◆ **TASK DIRECTIONS**
Find "Kautz / Cremer" below and begin at its line; stop after the line with "واکنش آلرژیک به ژل تزریقی زانو". Output those lines exactly, without pictures.

◆ **GIVEN DATA**

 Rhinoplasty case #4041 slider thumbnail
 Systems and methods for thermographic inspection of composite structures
--
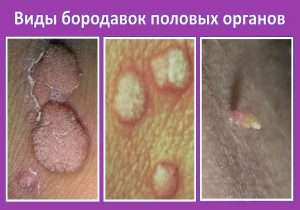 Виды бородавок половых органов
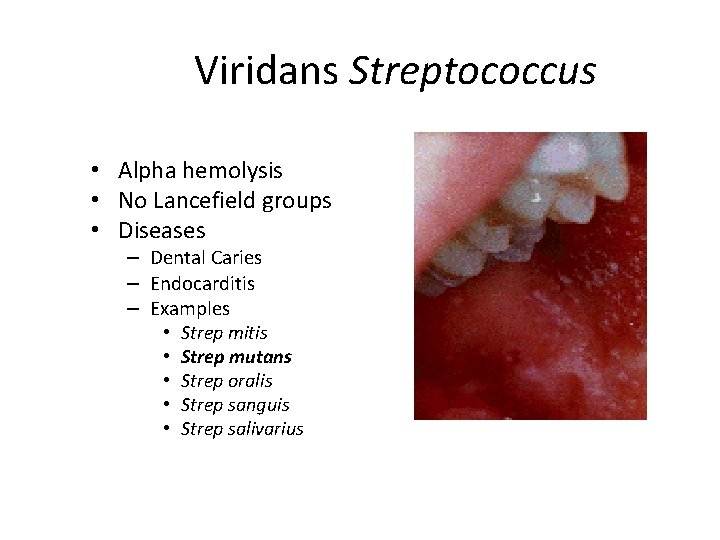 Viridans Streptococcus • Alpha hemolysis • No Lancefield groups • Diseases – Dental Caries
...
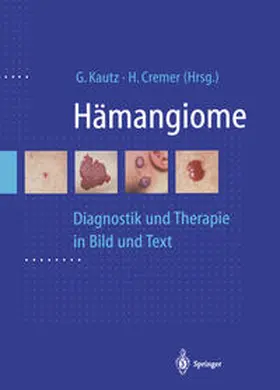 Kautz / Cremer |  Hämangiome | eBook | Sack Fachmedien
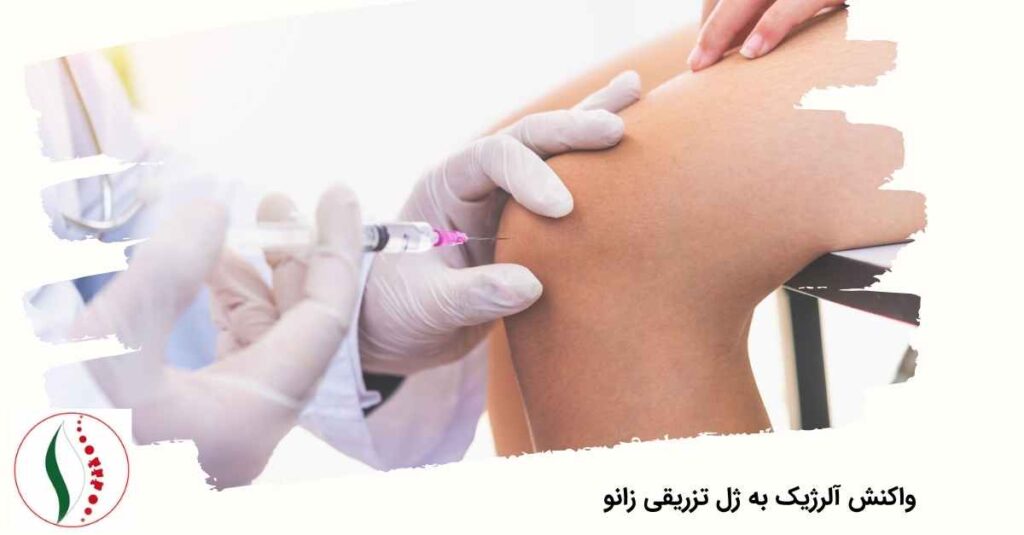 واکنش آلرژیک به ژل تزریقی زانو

◆ **YOUR SOLUTION**
 Kautz / Cremer |  Hämangiome | eBook | Sack Fachmedien
 واکنش آلرژیک به ژل تزریقی زانو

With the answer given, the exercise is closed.